In practice, the two failure modes are hardly neatly distinguished, but rather present themselves at different levels. The most serious risks come from slightly-off definitions coupled with slightly biased datasets.

Consider a content recommendation system trained to maximize “engagement,” measured by clicks and watch time. The outer specification is already a little off (engagement is not the same as user wellbeing or genuine interest) but it’s not crazy either, and in many cases the two coincide. Now suppose the training data, gathered from past user behavior, happens to be slightly skewed toward outrage-driven interactions (because they were already over-represented in the platform’s history). The model learns a proxy: “outrage-adjacent content reliably predicts engagement.” Neither the loss function nor the dataset is catastrophically wrong on its own, but the composition produces a system that systematically pushes users toward inflammatory content. The danger lies in the joint failure, not in either factor alone.

Both inner and outer alignment also depend on the model’s capability. An outer definition might be suitable for one model but not for another with increased capabilities. Similarly, a dataset might be sufficiently decorrelating for one model but not for another that can “see” more patterns.
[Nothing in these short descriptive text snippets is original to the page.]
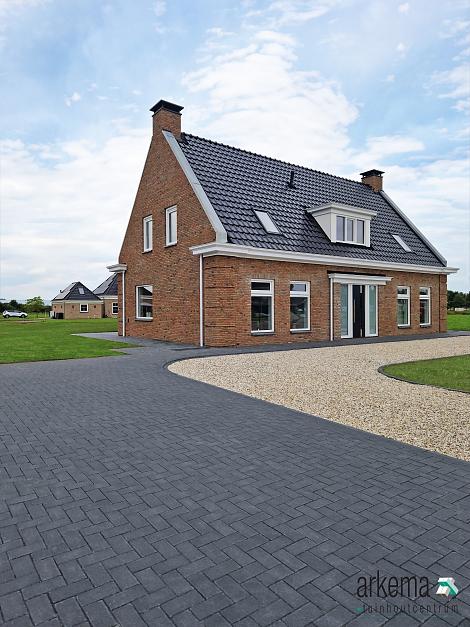 Patio brick 8 cm black TOP komo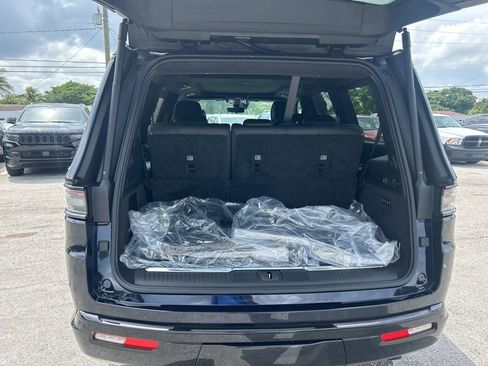 New 2024 Jeep Grand Wagoneer Series II w/ Quick Order Packagew 28T image 42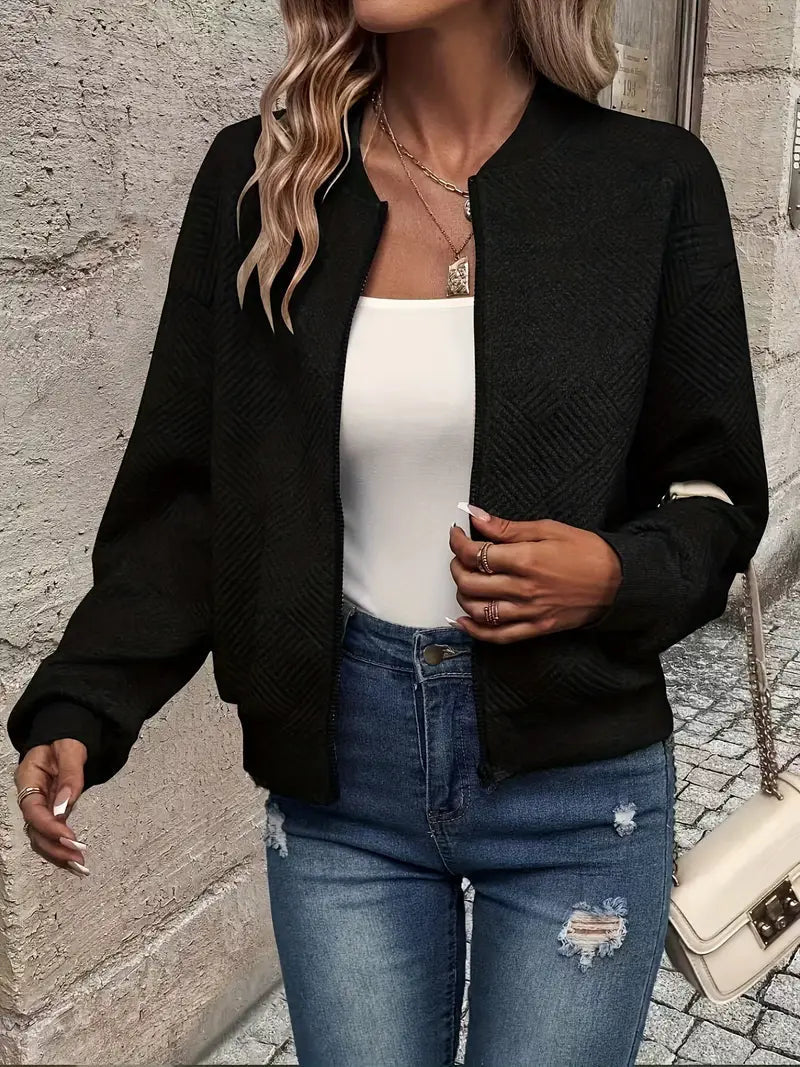 Veste printanière élégante Jennita de Danoir Paris en beige, idéale pour le printemps, avec un style chic et moderne.
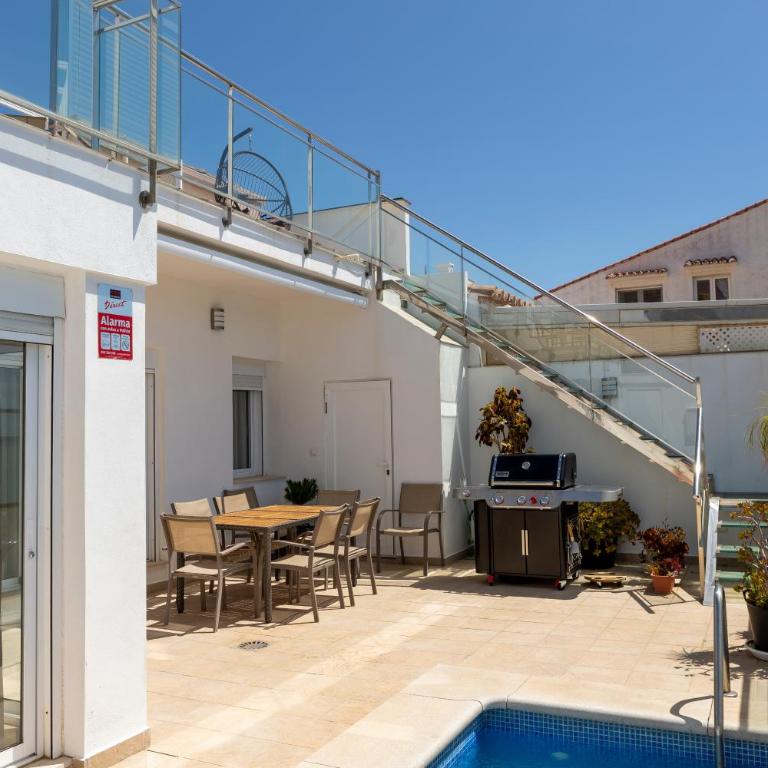 First Row Beach Villa - Villa - 47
Putting the exit always green would not matter if the model has no access to colors. Going back to the happiness case, rewarding smiles is fine if the model is just a chatbot whose only way to make people smile is telling jokes, but terrible if the model is an agent with the capability to inject heroin into the user.


Both inner and outer alignment, then, are desiderata which depend on a large set of parameters. The most obvious are the loss function, the optimisation process, the training distribution, the model’s capabilities, and its environment. In practice, both are quite difficult to satisfy in an absolute sense. We try to make a good enough approximation given the model’s current capabilities and our current understanding of the issue at hand, almost never being able to ensure anything in the long run, or the scalability of our safety measures. The risk of having models pursue hidden and unknown goals is an obvious existential concern, as such agents become more and more capable, are deployed worldwide, and are assigned critical pieces of infrastructure.